Source data: Begin
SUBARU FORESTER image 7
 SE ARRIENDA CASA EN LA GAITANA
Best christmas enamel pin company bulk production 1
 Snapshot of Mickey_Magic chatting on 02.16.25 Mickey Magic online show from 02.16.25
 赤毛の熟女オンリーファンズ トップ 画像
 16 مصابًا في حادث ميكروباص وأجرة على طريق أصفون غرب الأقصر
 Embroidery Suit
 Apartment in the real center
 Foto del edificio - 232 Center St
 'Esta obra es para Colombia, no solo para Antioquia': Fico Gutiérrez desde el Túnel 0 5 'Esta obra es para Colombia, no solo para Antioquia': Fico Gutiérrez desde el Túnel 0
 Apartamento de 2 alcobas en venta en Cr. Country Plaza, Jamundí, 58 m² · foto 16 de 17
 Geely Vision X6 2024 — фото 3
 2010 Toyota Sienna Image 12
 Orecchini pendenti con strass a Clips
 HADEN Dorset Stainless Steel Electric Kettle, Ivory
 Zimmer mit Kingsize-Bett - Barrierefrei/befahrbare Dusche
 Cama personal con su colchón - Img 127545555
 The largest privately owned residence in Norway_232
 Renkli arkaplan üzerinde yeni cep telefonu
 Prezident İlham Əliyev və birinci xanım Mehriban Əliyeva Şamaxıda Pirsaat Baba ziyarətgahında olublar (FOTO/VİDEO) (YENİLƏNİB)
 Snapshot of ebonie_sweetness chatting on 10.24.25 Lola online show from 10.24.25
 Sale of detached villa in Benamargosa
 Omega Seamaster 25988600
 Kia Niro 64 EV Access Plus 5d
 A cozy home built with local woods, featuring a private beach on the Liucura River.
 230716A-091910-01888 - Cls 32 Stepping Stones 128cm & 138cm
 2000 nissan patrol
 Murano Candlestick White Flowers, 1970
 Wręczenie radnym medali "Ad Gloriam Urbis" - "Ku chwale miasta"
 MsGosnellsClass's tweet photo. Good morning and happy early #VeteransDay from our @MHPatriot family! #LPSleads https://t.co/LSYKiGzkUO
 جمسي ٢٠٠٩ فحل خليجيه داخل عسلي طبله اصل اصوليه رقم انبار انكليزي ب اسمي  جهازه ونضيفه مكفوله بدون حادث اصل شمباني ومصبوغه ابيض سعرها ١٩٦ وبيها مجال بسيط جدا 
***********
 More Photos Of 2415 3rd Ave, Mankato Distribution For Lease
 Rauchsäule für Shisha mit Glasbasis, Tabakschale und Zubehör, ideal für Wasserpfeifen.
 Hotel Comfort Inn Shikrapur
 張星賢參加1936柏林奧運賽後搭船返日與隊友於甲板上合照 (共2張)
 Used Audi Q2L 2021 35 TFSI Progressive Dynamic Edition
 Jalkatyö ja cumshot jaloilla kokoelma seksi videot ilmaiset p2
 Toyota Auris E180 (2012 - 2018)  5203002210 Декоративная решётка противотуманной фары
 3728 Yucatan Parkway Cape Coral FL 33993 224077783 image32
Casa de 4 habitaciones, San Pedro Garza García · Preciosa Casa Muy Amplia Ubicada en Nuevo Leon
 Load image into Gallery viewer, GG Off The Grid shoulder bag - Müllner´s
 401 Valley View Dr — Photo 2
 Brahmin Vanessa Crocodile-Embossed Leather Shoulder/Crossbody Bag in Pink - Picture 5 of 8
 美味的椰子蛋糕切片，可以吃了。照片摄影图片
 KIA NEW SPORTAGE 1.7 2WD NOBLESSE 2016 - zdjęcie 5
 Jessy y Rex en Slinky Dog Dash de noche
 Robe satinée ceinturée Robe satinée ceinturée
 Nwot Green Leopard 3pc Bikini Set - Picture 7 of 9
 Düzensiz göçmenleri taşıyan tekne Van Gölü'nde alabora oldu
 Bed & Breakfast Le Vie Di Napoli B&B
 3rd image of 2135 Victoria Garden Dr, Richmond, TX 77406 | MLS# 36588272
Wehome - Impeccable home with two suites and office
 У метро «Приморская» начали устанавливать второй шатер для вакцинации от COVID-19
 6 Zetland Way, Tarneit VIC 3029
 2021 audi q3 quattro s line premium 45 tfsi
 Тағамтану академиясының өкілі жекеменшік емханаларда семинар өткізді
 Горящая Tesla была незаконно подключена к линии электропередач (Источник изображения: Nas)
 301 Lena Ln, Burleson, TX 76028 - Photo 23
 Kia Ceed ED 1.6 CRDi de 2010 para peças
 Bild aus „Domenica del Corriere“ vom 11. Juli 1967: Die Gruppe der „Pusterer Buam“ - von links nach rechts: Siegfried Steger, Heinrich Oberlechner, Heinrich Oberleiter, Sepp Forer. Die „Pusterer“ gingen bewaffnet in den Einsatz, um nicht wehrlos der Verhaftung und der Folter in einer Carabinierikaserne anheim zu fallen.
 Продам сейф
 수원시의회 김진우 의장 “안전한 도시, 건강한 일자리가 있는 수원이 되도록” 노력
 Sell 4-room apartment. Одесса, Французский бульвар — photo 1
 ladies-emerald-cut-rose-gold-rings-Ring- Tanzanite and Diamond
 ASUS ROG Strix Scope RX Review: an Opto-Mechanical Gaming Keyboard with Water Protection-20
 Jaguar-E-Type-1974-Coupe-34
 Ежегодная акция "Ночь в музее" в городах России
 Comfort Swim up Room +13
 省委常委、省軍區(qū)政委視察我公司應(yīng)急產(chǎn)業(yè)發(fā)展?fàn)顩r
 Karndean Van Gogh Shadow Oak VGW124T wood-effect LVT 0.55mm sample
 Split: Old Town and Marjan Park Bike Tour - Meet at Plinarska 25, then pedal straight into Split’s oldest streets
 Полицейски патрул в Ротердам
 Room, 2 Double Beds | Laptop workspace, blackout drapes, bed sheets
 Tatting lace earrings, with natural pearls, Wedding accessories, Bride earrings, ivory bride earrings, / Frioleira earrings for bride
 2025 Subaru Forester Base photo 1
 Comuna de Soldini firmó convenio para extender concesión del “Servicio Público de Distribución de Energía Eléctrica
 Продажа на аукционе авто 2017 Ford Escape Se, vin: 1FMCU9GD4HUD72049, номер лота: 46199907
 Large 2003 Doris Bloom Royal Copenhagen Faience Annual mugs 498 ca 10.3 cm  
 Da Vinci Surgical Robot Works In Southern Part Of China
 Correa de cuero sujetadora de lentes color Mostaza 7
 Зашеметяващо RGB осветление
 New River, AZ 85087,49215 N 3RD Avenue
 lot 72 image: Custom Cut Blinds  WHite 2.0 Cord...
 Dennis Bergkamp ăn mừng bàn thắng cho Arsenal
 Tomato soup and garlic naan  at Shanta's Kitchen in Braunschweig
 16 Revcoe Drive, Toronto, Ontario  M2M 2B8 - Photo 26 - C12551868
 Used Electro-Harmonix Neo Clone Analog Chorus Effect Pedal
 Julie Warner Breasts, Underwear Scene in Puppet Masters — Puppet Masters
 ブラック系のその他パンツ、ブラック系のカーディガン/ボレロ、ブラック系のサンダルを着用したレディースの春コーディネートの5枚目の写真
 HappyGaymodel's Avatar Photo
Source data: End
» **Goal of the exercise**
Copy exactly the lines above, starting at the opening line and finishing at the line in which "3728 Yucatan Parkway" occurs.

» **Response to the exercise**
SUBARU FORESTER image 7
 SE ARRIENDA CASA EN LA GAITANA
Best christmas enamel pin company bulk production 1
 Snapshot of Mickey_Magic chatting on 02.16.25 Mickey Magic online show from 02.16.25
 赤毛の熟女オンリーファンズ トップ 画像
 16 مصابًا في حادث ميكروباص وأجرة على طريق أصفون غرب الأقصر
 Embroidery Suit
 Apartment in the real center
 Foto del edificio - 232 Center St
 'Esta obra es para Colombia, no solo para Antioquia': Fico Gutiérrez desde el Túnel 0 5 'Esta obra es para Colombia, no solo para Antioquia': Fico Gutiérrez desde el Túnel 0
 Apartamento de 2 alcobas en venta en Cr. Country Plaza, Jamundí, 58 m² · foto 16 de 17
 Geely Vision X6 2024 — фото 3
 2010 Toyota Sienna Image 12
 Orecchini pendenti con strass a Clips
 HADEN Dorset Stainless Steel Electric Kettle, Ivory
 Zimmer mit Kingsize-Bett - Barrierefrei/befahrbare Dusche
 Cama personal con su colchón - Img 127545555
 The largest privately owned residence in Norway_232
 Renkli arkaplan üzerinde yeni cep telefonu
 Prezident İlham Əliyev və birinci xanım Mehriban Əliyeva Şamaxıda Pirsaat Baba ziyarətgahında olublar (FOTO/VİDEO) (YENİLƏNİB)
 Snapshot of ebonie_sweetness chatting on 10.24.25 Lola online show from 10.24.25
 Sale of detached villa in Benamargosa
 Omega Seamaster 25988600
 Kia Niro 64 EV Access Plus 5d
 A cozy home built with local woods, featuring a private beach on the Liucura River.
 230716A-091910-01888 - Cls 32 Stepping Stones 128cm & 138cm
 2000 nissan patrol
 Murano Candlestick White Flowers, 1970
 Wręczenie radnym medali "Ad Gloriam Urbis" - "Ku chwale miasta"
 MsGosnellsClass's tweet photo. Good morning and happy early #VeteransDay from our @MHPatriot family! #LPSleads https://t.co/LSYKiGzkUO
 جمسي ٢٠٠٩ فحل خليجيه داخل عسلي طبله اصل اصوليه رقم انبار انكليزي ب اسمي  جهازه ونضيفه مكفوله بدون حادث اصل شمباني ومصبوغه ابيض سعرها ١٩٦ وبيها مجال بسيط جدا 
***********
 More Photos Of 2415 3rd Ave, Mankato Distribution For Lease
 Rauchsäule für Shisha mit Glasbasis, Tabakschale und Zubehör, ideal für Wasserpfeifen.
 Hotel Comfort Inn Shikrapur
 張星賢參加1936柏林奧運賽後搭船返日與隊友於甲板上合照 (共2張)
 Used Audi Q2L 2021 35 TFSI Progressive Dynamic Edition
 Jalkatyö ja cumshot jaloilla kokoelma seksi videot ilmaiset p2
 Toyota Auris E180 (2012 - 2018)  5203002210 Декоративная решётка противотуманной фары
 3728 Yucatan Parkway Cape Coral FL 33993 224077783 image32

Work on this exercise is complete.